== ACTIVITY ==
From the records below, output exactly the lines running from the line containing "Picture of Beautiful" through the line containing "عروس هلندی 3ماهه|پرنده|رشت, جانبازان|دیوار", and no others.

== MATERIAL PROVIDED ==
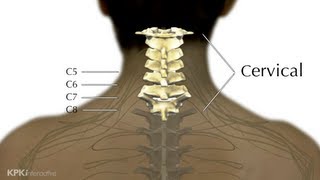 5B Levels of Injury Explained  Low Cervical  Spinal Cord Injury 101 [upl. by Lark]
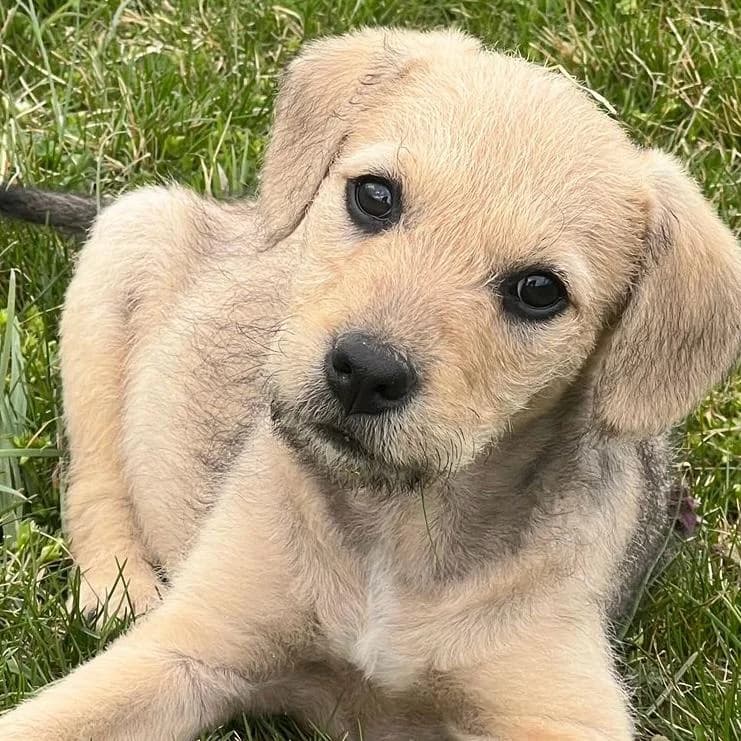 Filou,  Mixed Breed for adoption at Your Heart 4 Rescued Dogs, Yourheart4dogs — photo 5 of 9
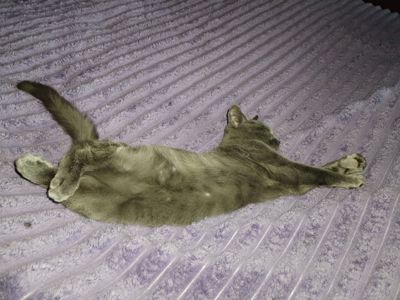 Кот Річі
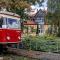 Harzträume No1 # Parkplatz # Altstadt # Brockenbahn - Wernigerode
* * *
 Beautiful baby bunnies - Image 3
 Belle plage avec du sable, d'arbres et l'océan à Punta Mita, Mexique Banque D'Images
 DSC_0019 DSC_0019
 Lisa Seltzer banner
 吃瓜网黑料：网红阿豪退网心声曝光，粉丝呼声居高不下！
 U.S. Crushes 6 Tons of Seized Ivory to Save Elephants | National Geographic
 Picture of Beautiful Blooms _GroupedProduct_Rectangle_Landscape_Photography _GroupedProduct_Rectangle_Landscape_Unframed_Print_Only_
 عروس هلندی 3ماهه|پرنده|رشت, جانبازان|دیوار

== ANSWER SECTION ==
 Picture of Beautiful Blooms _GroupedProduct_Rectangle_Landscape_Photography _GroupedProduct_Rectangle_Landscape_Unframed_Print_Only_
 عروس هلندی 3ماهه|پرنده|رشت, جانبازان|دیوار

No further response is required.